Four years later, The Hartford’s recovery is well under way, but it might not have fared as well if Rupp and chief executive officer Liam McGee, who passed away in February, hadn’t developed such a close friendship. Rupp says there’s “absolutely no question” the relationship contributed to The Hartford’s success over the past four years.
“Liam McGee was a great leader and a great friend. Liam and I met and we instantly liked each other. I’ve seen instances where there’s an adversarial relationship between businesses and risk management; it never works well,” Rupp says.
When Rupp was hired, he brought with him ideas about best practices and, along with his colleagues, took a hard look at The Hartford’s balance sheet. But he is at pains to emphasise that The Hartford’s recovery over the past four years wasn’t just his doing.
The guts of the crisis had passed, but the impact on companies was continuing
“This is a collective effort for a whole lot of people at this company… I’m really proud to be getting the award, but it’s way more than just me,” Rupp says. The Hartford was also the recipient of the best governance, risk, and compliance program at a large-cap company award from the New York Stock Exchange in June.
The company’s recovery began for Rupp when he joined Hartford in November 2011. Coming from the financial services sector at BNY Mellon and JP Morgan, he says he had a good grasp of best practices in the financial world and he and other executives worked on incorporating those into the company. This meant drawing from US bank stress tests, standards on risk management from the Office of the Comptroller of the Currency and the Federal Reserve, and insights into stress testing from the European Insurance and Occupational Pensions Authority.
Rupp says it was important for the executives and board to rethink the company’s risk appetite. “We’re in the risk-taking business, so you ask yourself really basic questions: how much risk do you want to take and what kind of risk do you want to take?” he says. Failing to pay enough attention to these fundamental questions is what got people in trouble during the crisis, he believes.

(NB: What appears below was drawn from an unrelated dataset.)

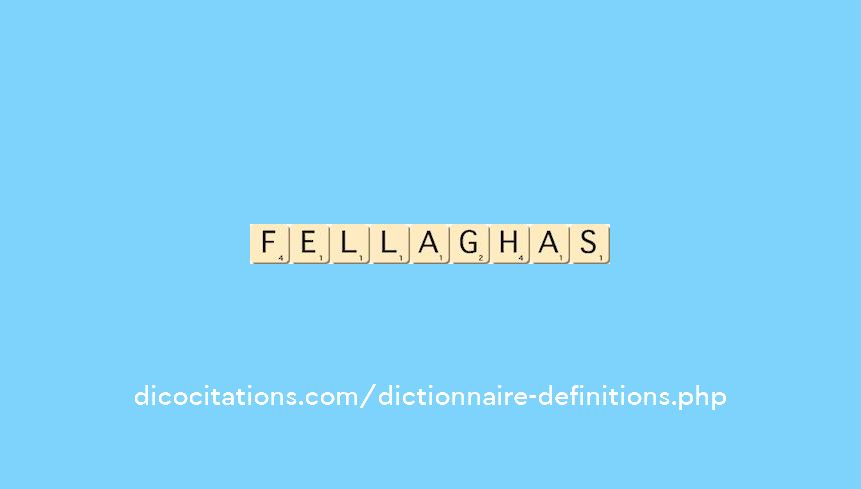 fellaghas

Taking a look at the balance sheet was imperative, Rupp says, as the insurer looked to eliminate unnecessary risks. In 2012, The Hartford announced a corporate strategy to focus on its P&C, group benefits and mutual funds businesses. Following the announcement, the company sold its US individual life and retirement plans businesses and put its annuities business, which contributed to stock price volatility, into run-off.
Executives also took the decision to sell the UK and Japan annuity businesses, which eliminated the most volatile portion of the annuity book. To assist in these sales, the company first had to comprehensively overhaul its variable annuities hedging strategy, which it did alongside developing a ‘model portfolio’ approach to make sure risk and return are balanced in its investment portfolio going forward.

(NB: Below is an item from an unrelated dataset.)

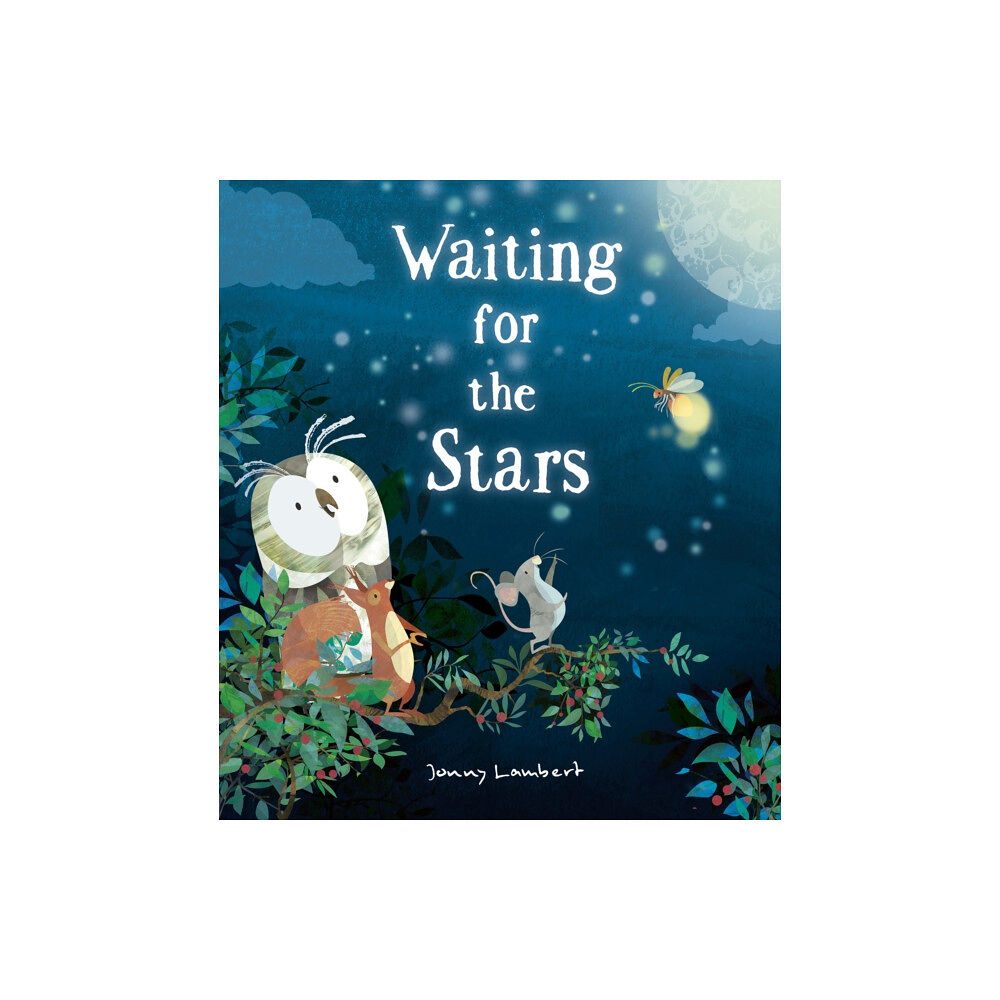 Little Tiger Press Group Waiting for the Stars (inbunden, eng)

Rupp says these choices were successful and well received by the market, which is borne out by the company’s stock price, which has risen from around $16 a share in early 2012 to more than $40 in June this year.
Another question the executives had to answer was whether risk management was simply a defensive exercise, says Rupp. “And my answer to that is categorically no. It is both defence and offence. Also, embedded in that, is that it’s not simply math. What we do is part science and part art,” he says.
The economic capital framework now in place at The Hartford includes monitoring daily mark-to-market and daily value-at-risk metrics for the whole company, and the insurer runs 25 standard stress tests every quarter alongside tailored stress tests to target idiosyncratic risks.
Beyond his responsibilities as CRO, Rupp also heads a group to help members of the military and veterans, not just within the company but in the wider community as well.
Susan Johnson, head of diversity and inclusion at The Hartford says: “He talks a lot about how he sees value in everybody’s life experiences. He truly appreciates what people bring to the table, regardless of any difference. He really does see the value in talent and he leverages that wherever he sees it.”